◆ SUPPLIED MATERIAL
:::

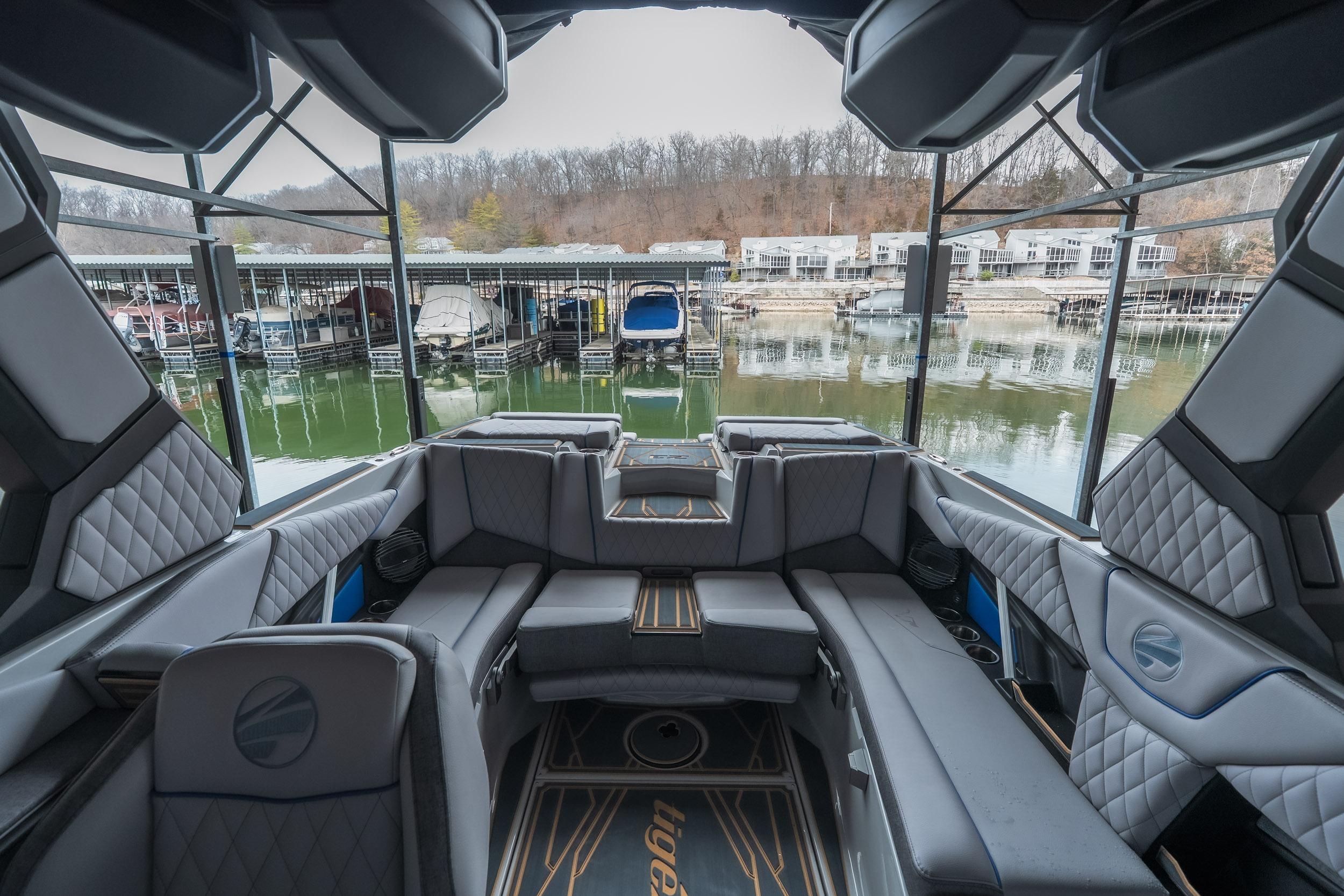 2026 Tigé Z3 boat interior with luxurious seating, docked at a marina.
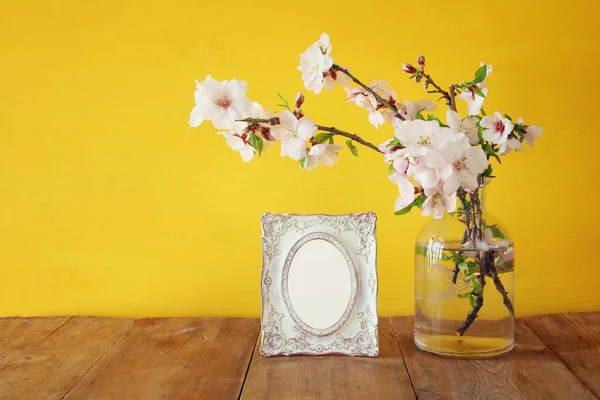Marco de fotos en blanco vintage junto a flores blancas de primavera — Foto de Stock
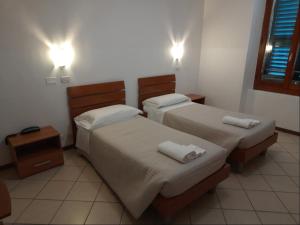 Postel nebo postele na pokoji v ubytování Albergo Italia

:::

◆ ACTION ITEM
Please return, exactly and with pictures omitted, the lines from the line holding "Marco de fotos" through the end of the data above, inclusive.

◆ RESPONSE AREA
Marco de fotos en blanco vintage junto a flores blancas de primavera — Foto de Stock
 Postel nebo postele na pokoji v ubytování Albergo Italia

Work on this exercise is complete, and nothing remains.